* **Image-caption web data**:
_ _ _ _ _
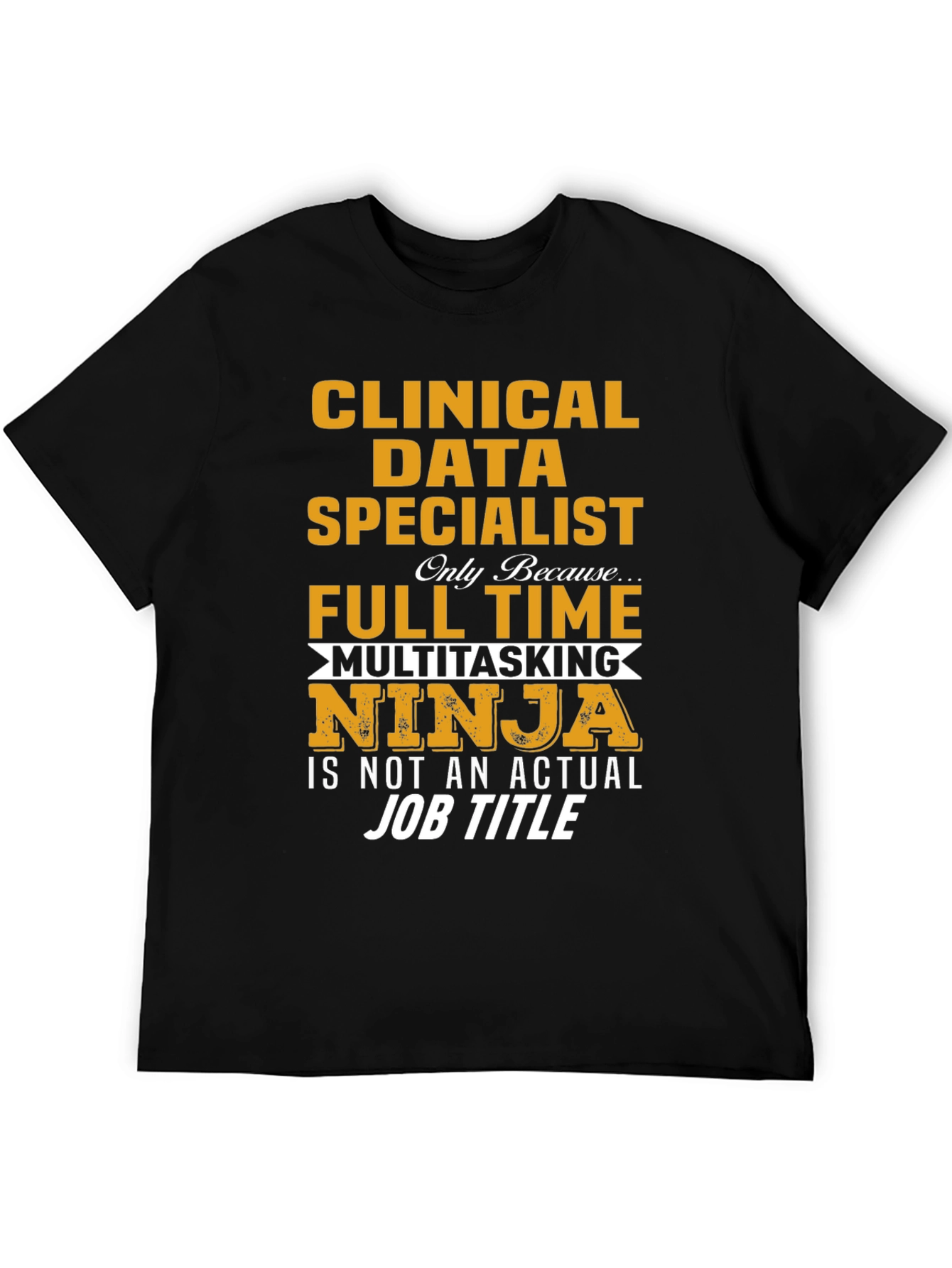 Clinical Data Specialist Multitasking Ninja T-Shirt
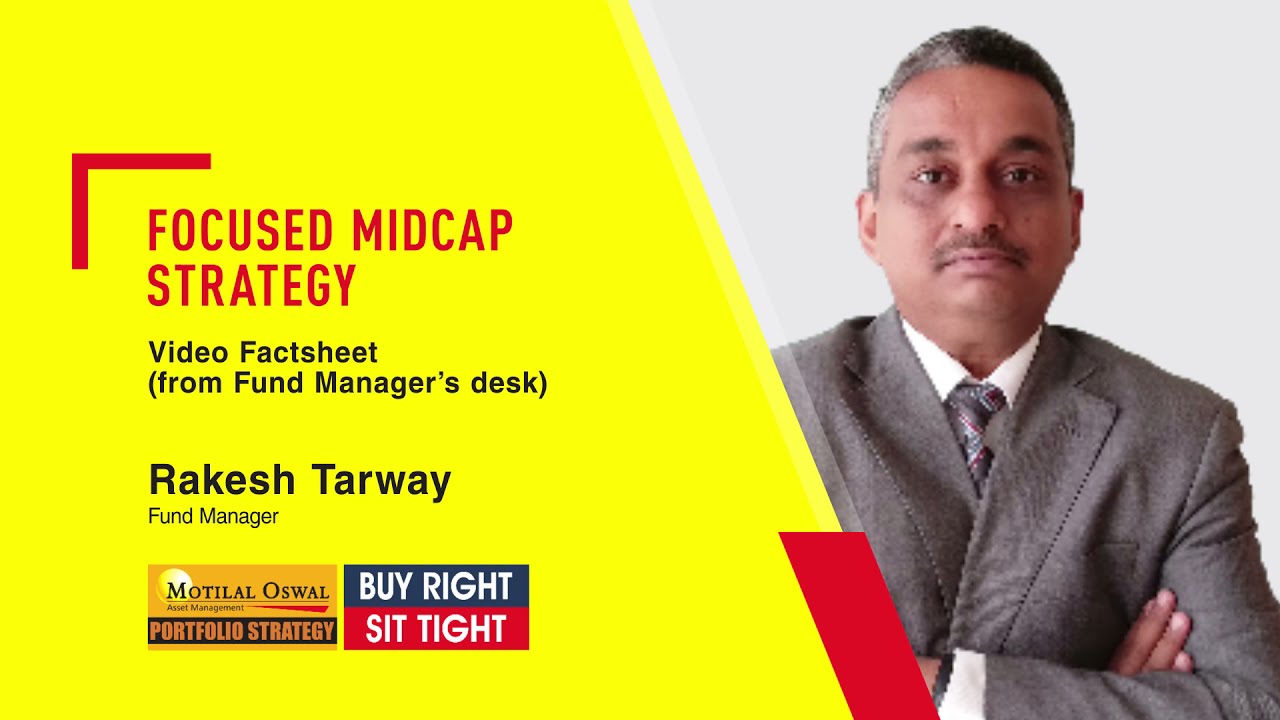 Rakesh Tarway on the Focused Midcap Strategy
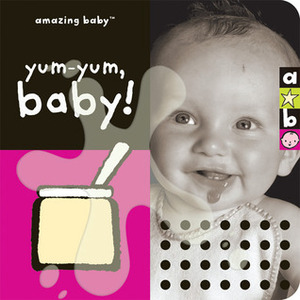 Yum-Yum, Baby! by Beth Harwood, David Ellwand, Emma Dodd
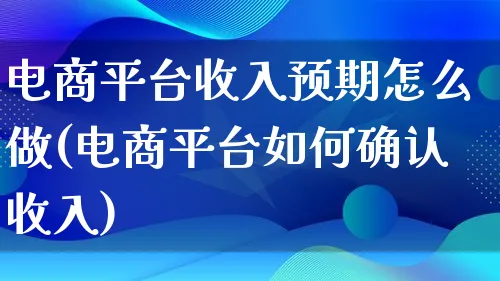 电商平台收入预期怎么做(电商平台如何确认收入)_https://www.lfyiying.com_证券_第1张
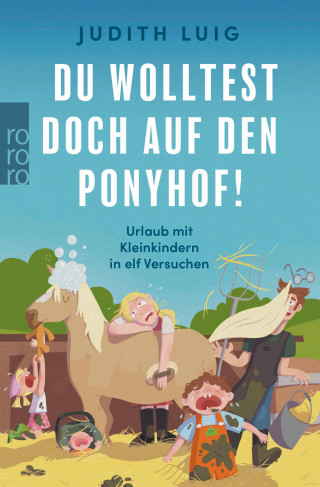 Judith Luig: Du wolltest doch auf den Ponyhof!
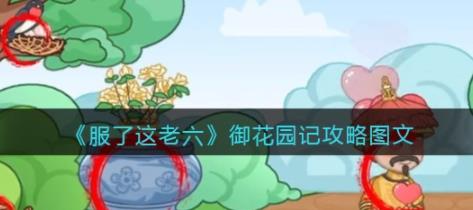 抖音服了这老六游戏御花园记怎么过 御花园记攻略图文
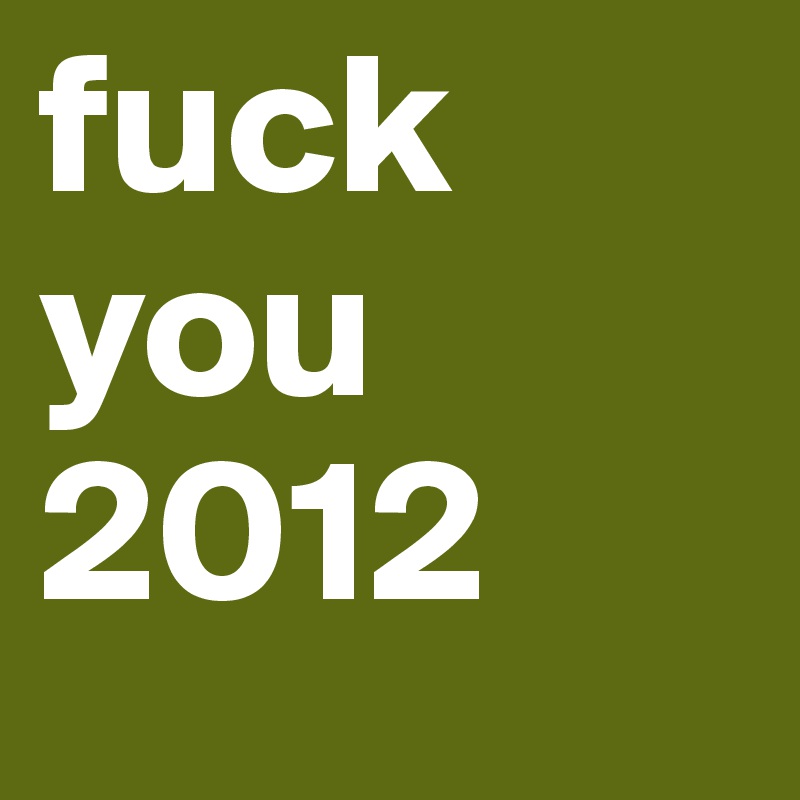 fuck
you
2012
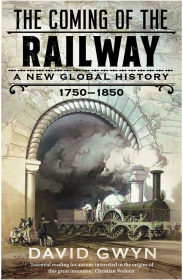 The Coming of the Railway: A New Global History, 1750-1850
_ _ _ _ _
* **Exercise aim**:
Print the records again exactly, pictures excluded.

* **Solution to the problem**:
 Clinical Data Specialist Multitasking Ninja T-Shirt
 Rakesh Tarway on the Focused Midcap Strategy
 Yum-Yum, Baby! by Beth Harwood, David Ellwand, Emma Dodd
 电商平台收入预期怎么做(电商平台如何确认收入)_https://www.lfyiying.com_证券_第1张
 Judith Luig: Du wolltest doch auf den Ponyhof!
 抖音服了这老六游戏御花园记怎么过 御花园记攻略图文
 fuck
you
2012
 The Coming of the Railway: A New Global History, 1750-1850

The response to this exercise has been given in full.